うまく提督にアプローチさせるよう潮を誘導し、二人が親密になったところを自分がフォローに回るということで、徐々に提督へ自分を売り込んでいった。
その結果、見事作戦は成功。 さりげなく提督と潮を気遣う自分の姿に彼は惹かれていき、念願のケッコンカッコカリの相手として、自分が選ばれたのであった。
陸奥は潮が去っていった廊下を見ながら、スッと手をスカートのポケットに潜り込ませる。
そこに入っていたものを手に取って、陸奥はにっこりとほほ笑んだ。
「…ねえ、潮。 四葉のクローバーの花言葉って知ってる?」
「一つは幸運。 そして、もう一つはね……」
「『私の物になってください』 よ…」
陸奥がスカートのポケットから取り出したもの。 それは四葉のクローバーが描かれたきれいなブローチだった。
陽光に照らされ美しく輝くブローチを見て、彼女は黒く濁った瞳のまま、うっとりとした表情を浮かべる。

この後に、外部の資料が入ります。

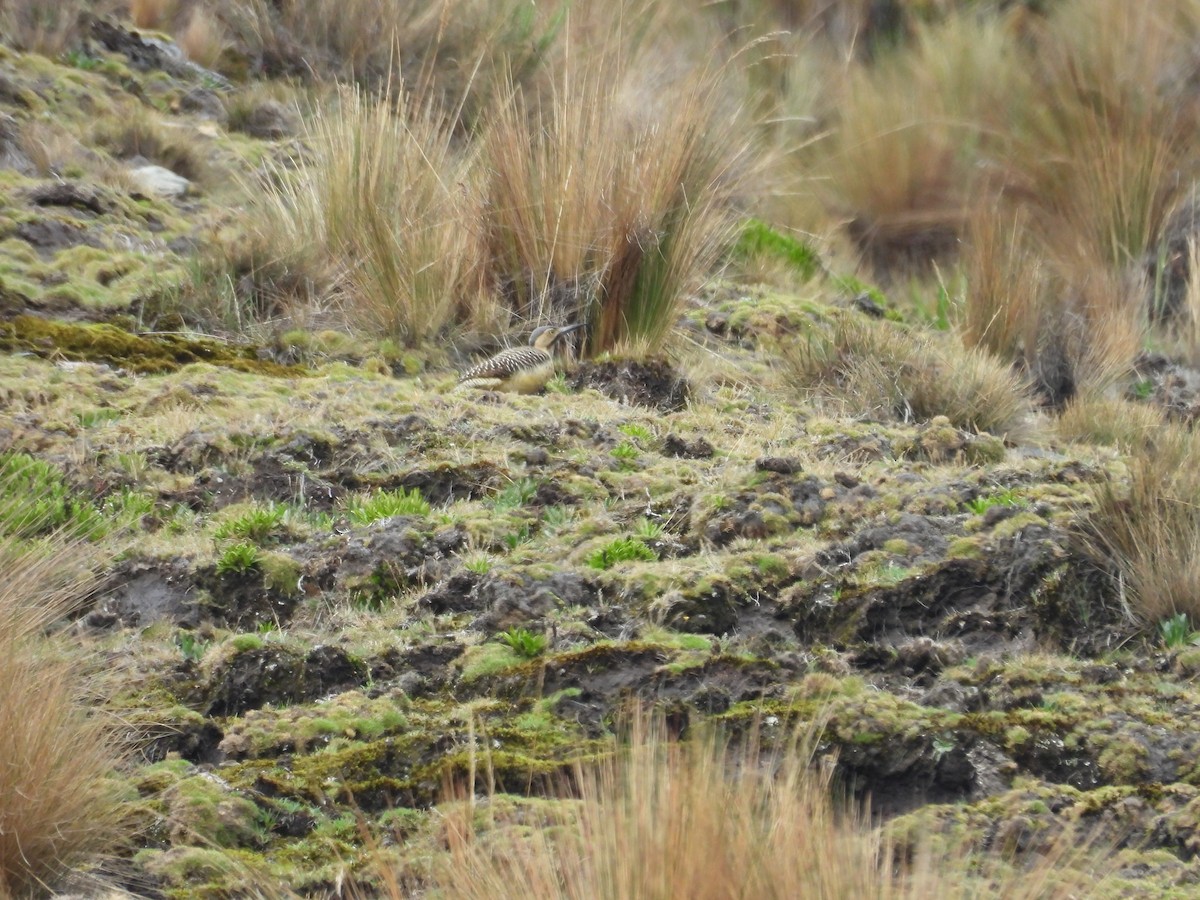 Pic des rochers - ML646286599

「提督はね、初めて私と一緒に遊びに行ってくれたとき、お礼と言ってこのブローチをくれたの。 初めてのプレゼントを、私に送ってくれたのよ」
「それ以来、私は彼の物。 彼が望むなら、私はこの身も心も喜んでささげるわ。 でもね、他の子にあの人を盗られるなんて、私にはとても耐えられないのよ…」
「…だから、ごめんね潮。 あなたの幸せまで私の物にしちゃって。 だけど、私は幸せになるわ。 貴方がくれた分まで、私は提督と幸せになるからね♪」
そう声高々に叫びながら、そっとブローチを戻す陸奥。
濁った瞳とゆがんだ笑みで今はそこにいない潮に謝ると、彼女は最愛の人に会うべく執務室へと歩みを進めるのであった。